The range runs from the line containing "Alt view image" to the last line of the entries. Restate those lines word for word, without the pictures.

> [Exercise material]:
- - -
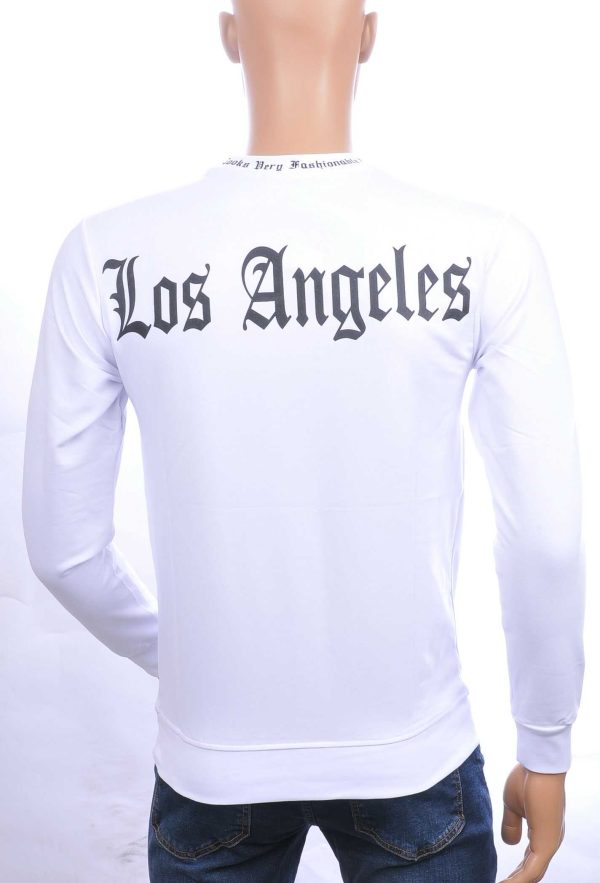 BRAAZI trendy Los Angeles ronde hals sweatshirt Wit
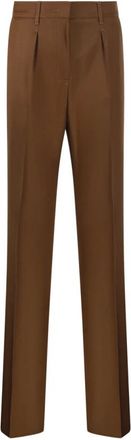Max Mara Dames, Broeken, Bruin, Maat: 2XS Wol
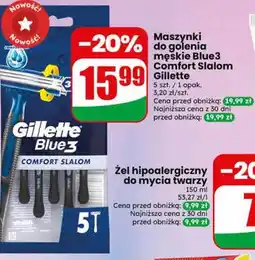 Dino Maszynki do golenia męskie Blue3 Comfort Slalom Gillette oferta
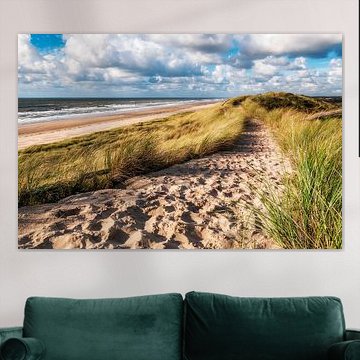 Sandiger Weg über die Meeresdüne von Fotografie Egmond
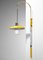 Small Yellow Swing Wall Lamp Attributed to Stilnovo, 1950s 1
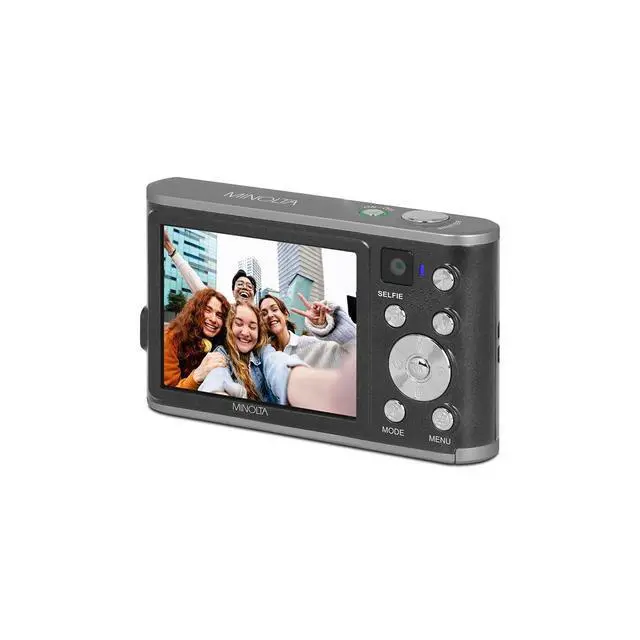 Alt view image 9 of 9 - Minolta MND23 48MP Auto Focus 4K Ultra HD Selfie Camera - Black
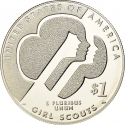 1 Dollar 2013, KM# 552, United States of America (USA), 100th Anniversary of the Founding of the Scouting in United States, Girl Scouts of America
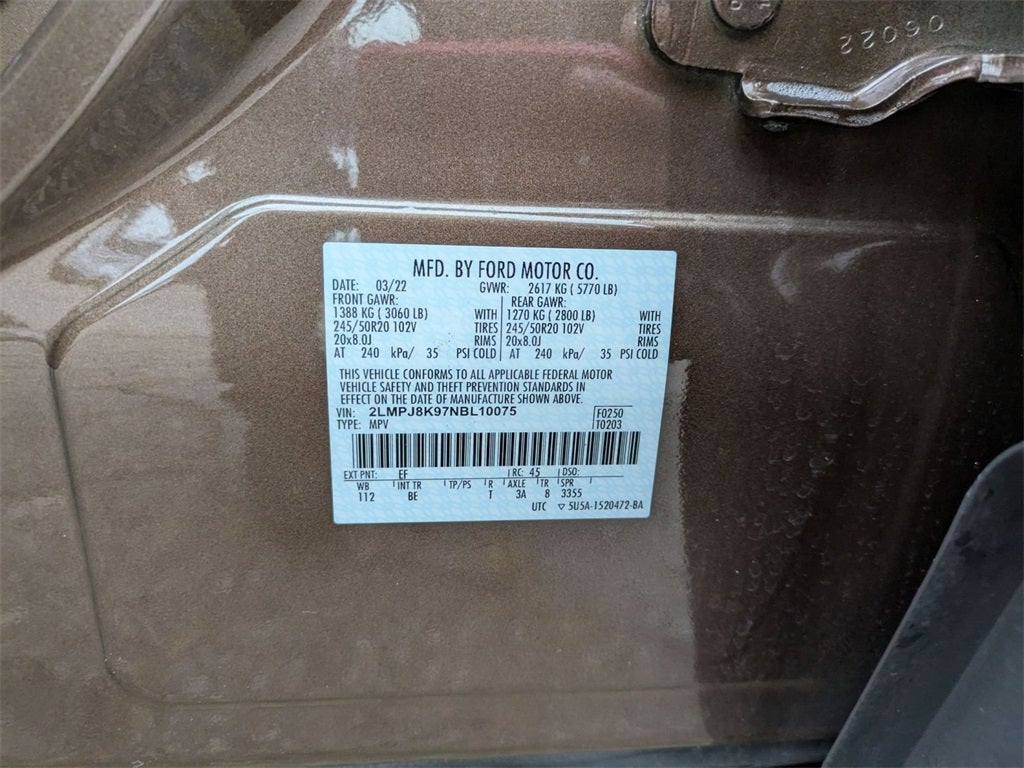 2022 Lincoln Nautilus Reserve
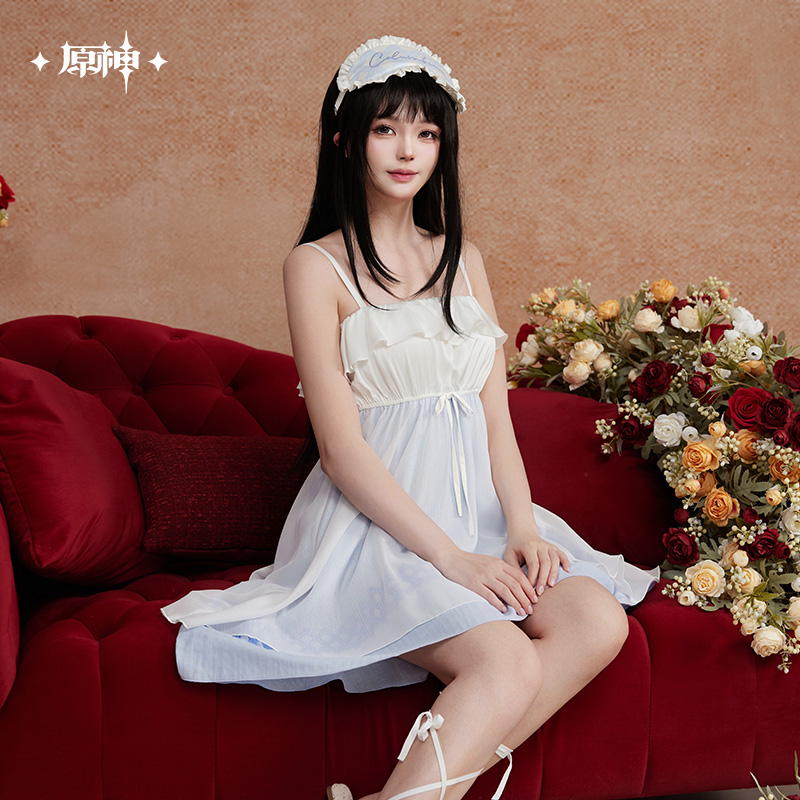 【Pre-Order】Genshin Impact - Teatime Reverie Series Columbina Nightgown Set（Sleep Mask Included）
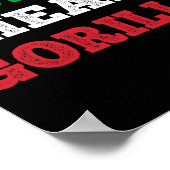 Juicehead Gorilla New Jersey Garden Nj Shore Itali Poster (Hoek)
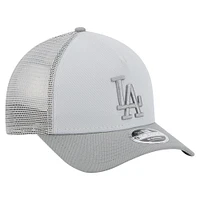 Casquette ajustable A-Frame 9FORTY Trucker grise des Dodgers de Los Angeles pour homme New Era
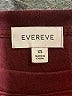 Evereve Burgundy Short Sleeve Top Size XS - photo 7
- - -
> [Response area]:
 Alt view image 9 of 9 - Minolta MND23 48MP Auto Focus 4K Ultra HD Selfie Camera - Black
 1 Dollar 2013, KM# 552, United States of America (USA), 100th Anniversary of the Founding of the Scouting in United States, Girl Scouts of America
 2022 Lincoln Nautilus Reserve
 【Pre-Order】Genshin Impact - Teatime Reverie Series Columbina Nightgown Set（Sleep Mask Included）
 Juicehead Gorilla New Jersey Garden Nj Shore Itali Poster (Hoek)
 Casquette ajustable A-Frame 9FORTY Trucker grise des Dodgers de Los Angeles pour homme New Era
 Evereve Burgundy Short Sleeve Top Size XS - photo 7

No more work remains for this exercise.